The International Federation of Reproduction Rights Organisations (IFRRO) regrets the attempt by Digital Europe to prejudice and pre-empt the recommendations of Mr Antonio Vitorino, the mediator in the EU facilitated mediation process on private copying and reprographic levies. “The timing of the Digital Europe initiative, so close to the culmination of the mediator’s reflection phase, and the appeal outside the mediation process at this late stage of negotiations are unwarranted”, said IFRRO CEO, Olav Stokkmo. “It calls into question the reliability of Digital Europe as a partner and the extent to which it is dedicated to the mediation process.”
At this point, IFRRO makes no judgement on the content of the Digital Europe paper, except to point out that it ignores the fact that the levy system secures not only the remuneration for private copying but also for reprography, which includes both private copying and copying for professional and educational uses. In this context the proposals made by Digital Europe are beside the point.

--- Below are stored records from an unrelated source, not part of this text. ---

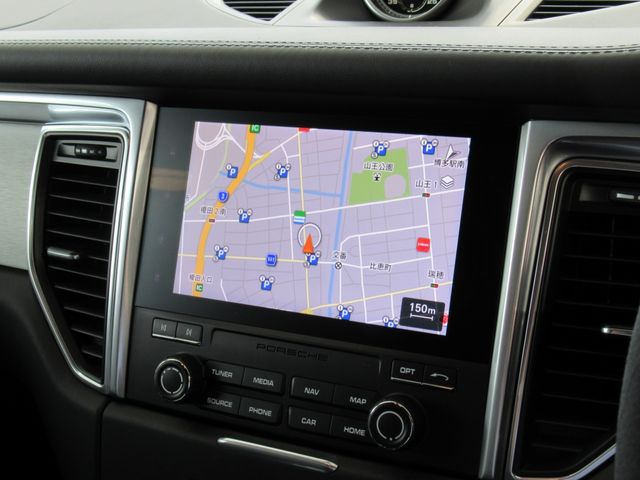 Porsche MACAN 2016-12 27490-10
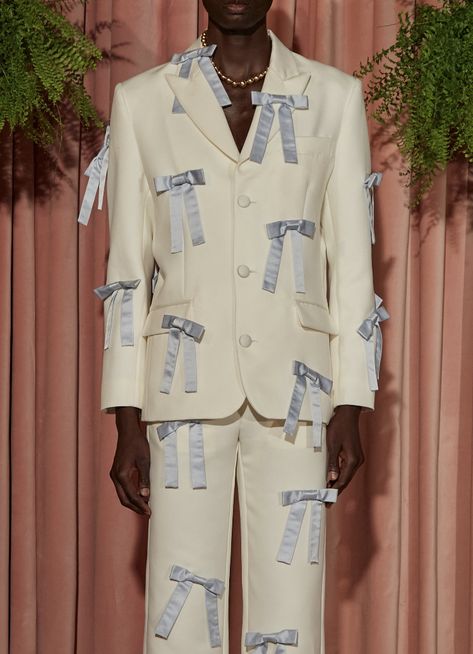 Unique Men’s Formal Wear, Statement Piece Outfit, Tanner Fletcher, Party Outfit Men, Met Gala Outfits, Fashion Dictionary, Fashion Design Collection, Concept Clothing, Event Outfit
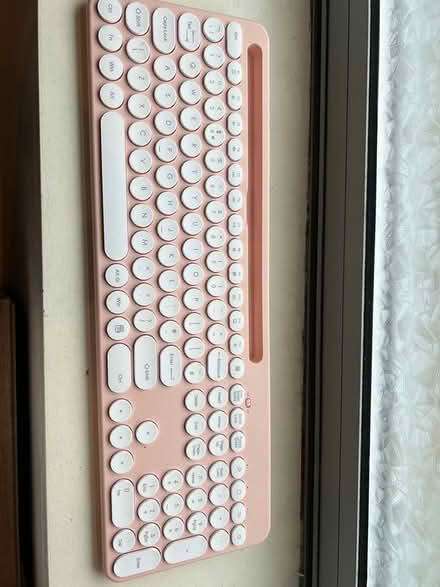 Photo of free keyboard wireless (Canary Wharf) #1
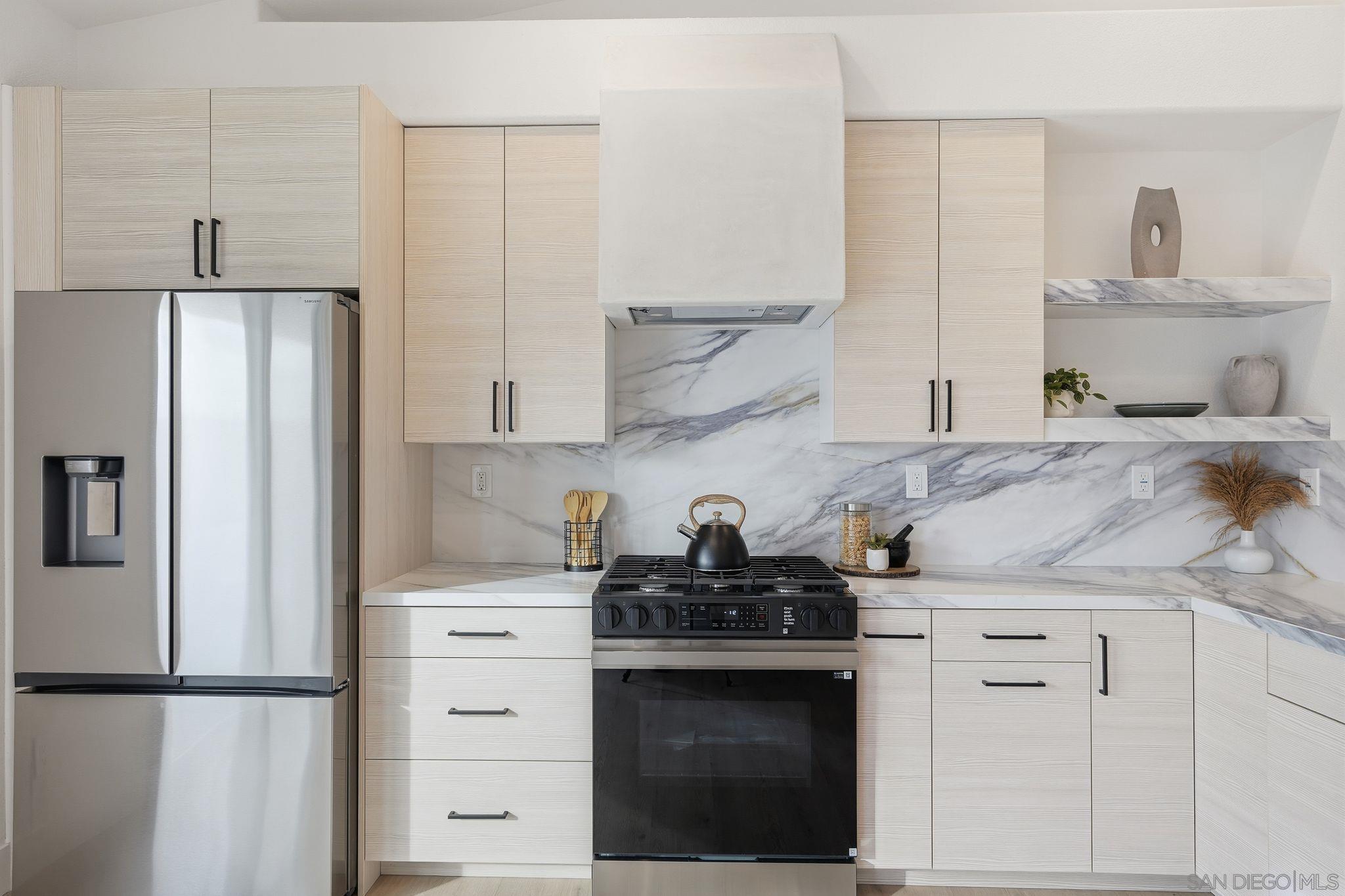 Detail Gallery Image 7 of 30 For 183  Plumosa Street, Oceanside,  CA 92058 - 4 Beds | 2 Baths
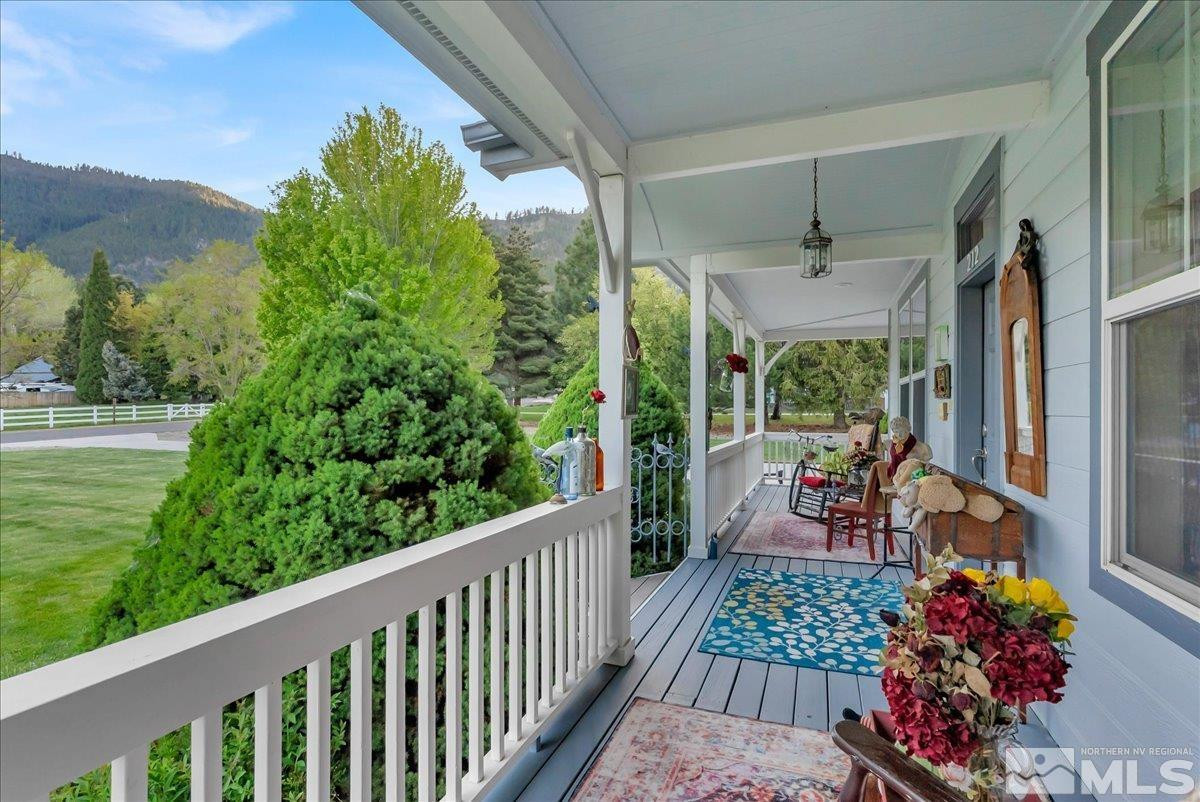 212 Foothill Meadows Court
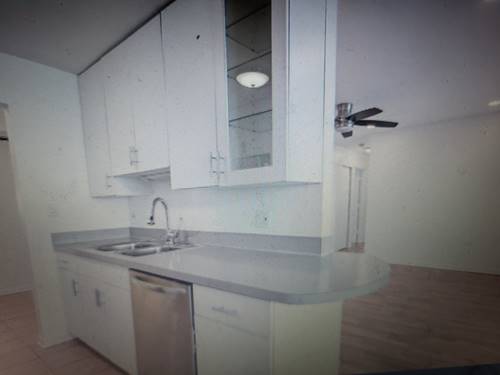 8440 Skokie Unit 102, Skokie, IL 60077
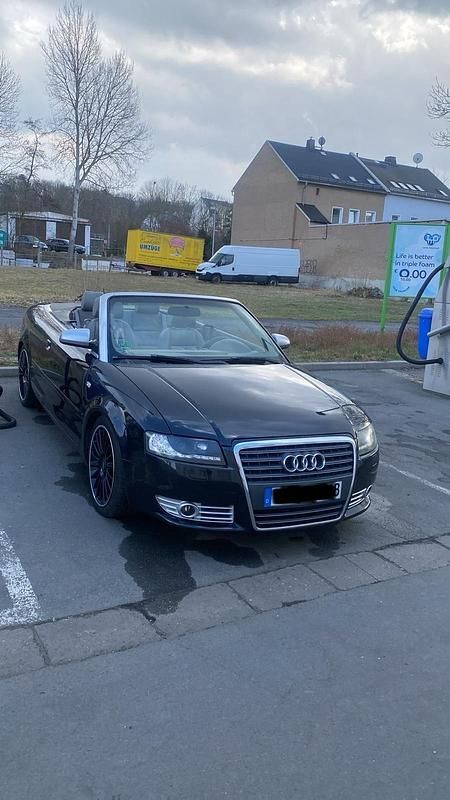 Schwarz Gebraucht 2002 Audi A4 Cabriolet Cabrio | 5.500 € (Teuer) - Bild 1/4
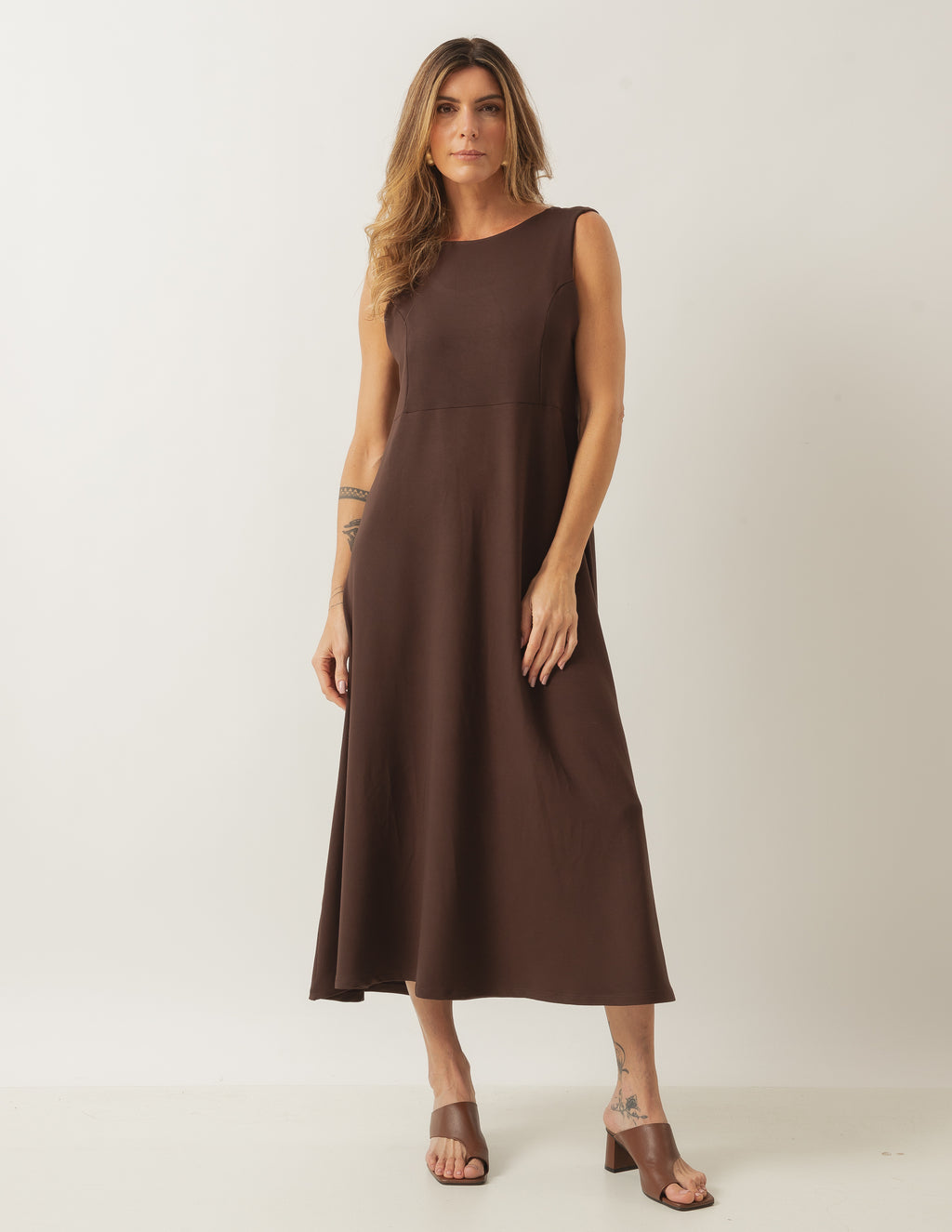 Vestido Naomi Marrom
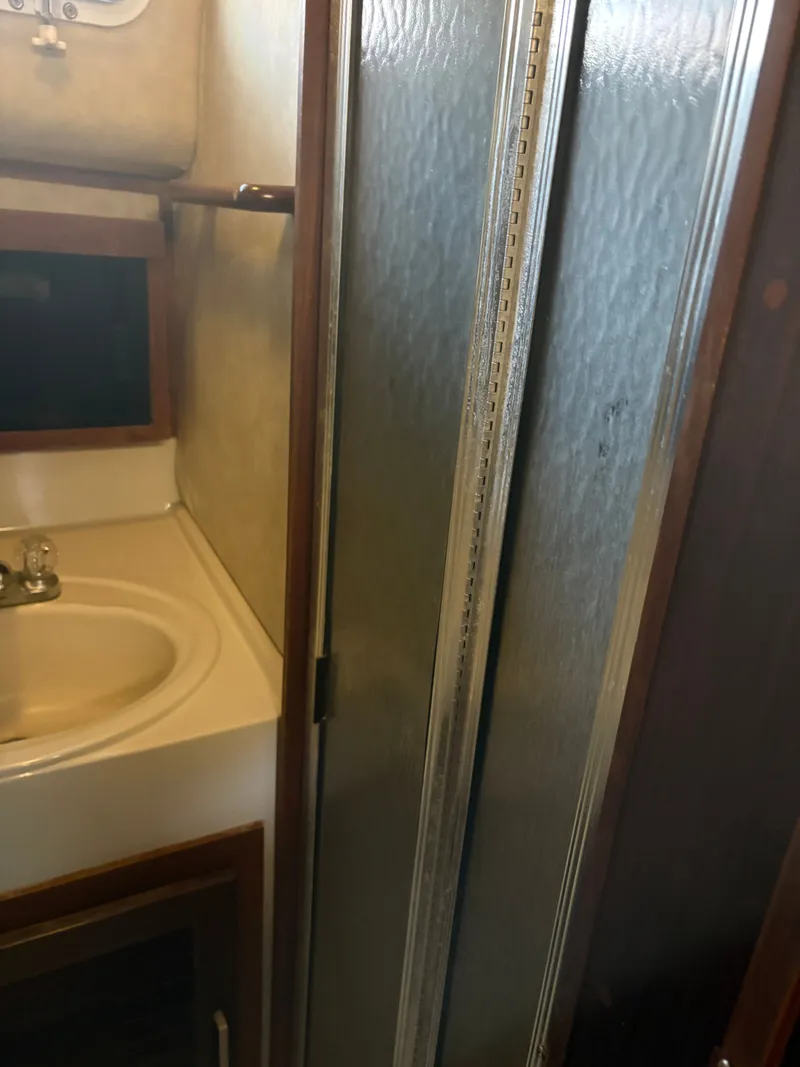 Slide: The Image of Mainship 34 Mark III 1983 - 55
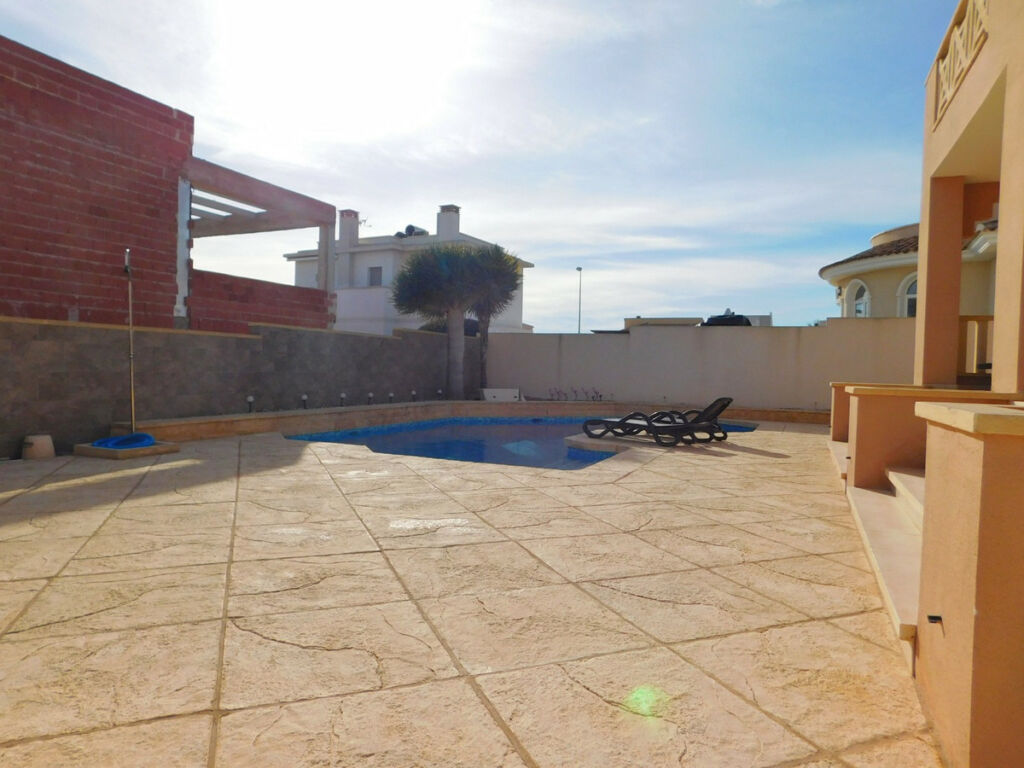 Detached Villa Ciudad Quesada Alicante - image 36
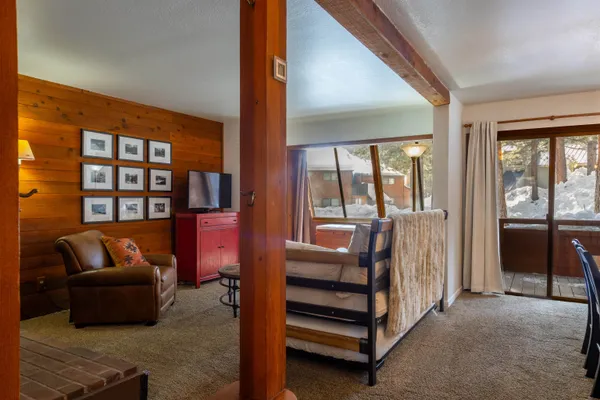 $475,000 | 63 Arrowhead Drive, Unit 12, Mammoth Lakes, CA 93546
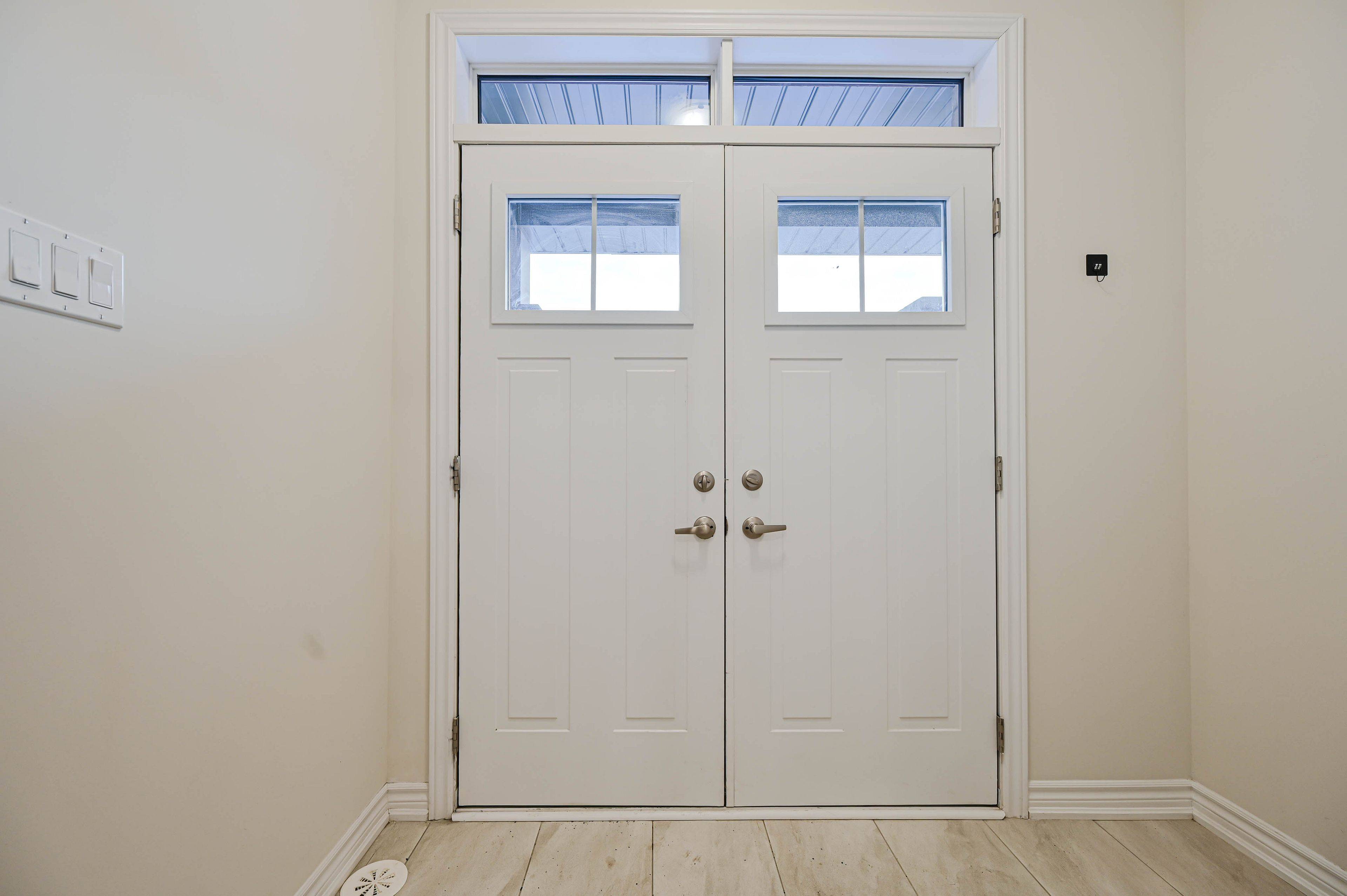 Caledon, ON L7C 1Z9,27 minnock ST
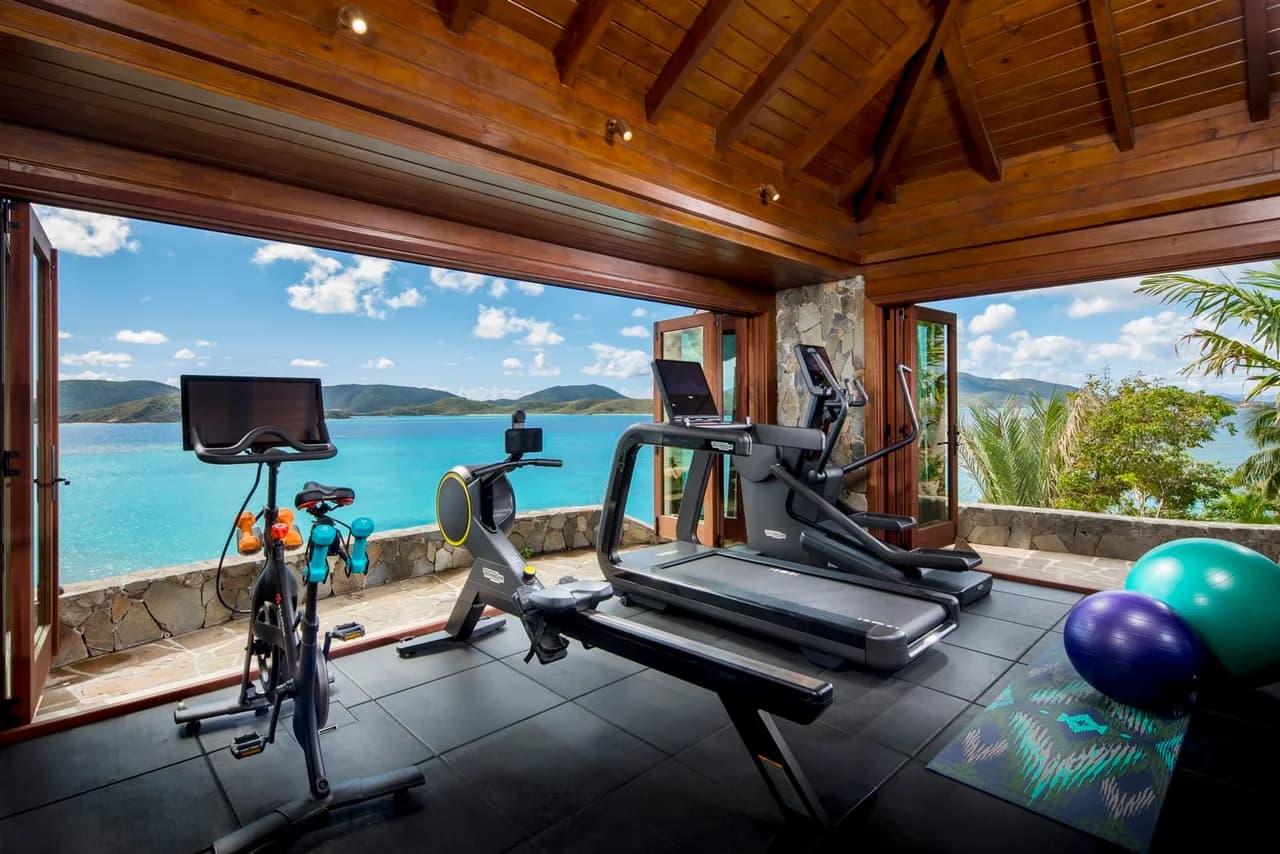 Wonderful Room With A Large Private Pool photo 2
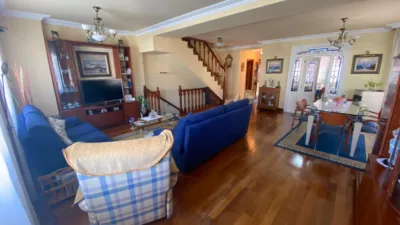 Semi-detached chalet on Chinchapapa Street photo 20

IFRRO notes the press statement from GESAC, SAA and other organisations representing collectives which administer private copy remuneration.
Notes for Editors
IFRRO - the International Federation of Reproduction Rights Organisations – is the main international network of collective management organisations and creators’ and publishers’ associations in the text and image spheres. We work to protect and enable easy legal access to copyright material - from academic works, through newspaper articles, novels and sheet music, to photos and illustrations, in particular for large scale copying of works including digital uses. We are at the heart of rights management across the world, enabling authors and publishers to work jointly to satisfy their clients (libraries, universities, colleges, schools, public administration, etc.). We foster partnerships and dialogues between stakeholders to ensure a flexible service, responding to the varied user needs within the framework of copyright law.
IFRRO is currently made up of 137 members in 75 countries, including members of the majority of EU Member States.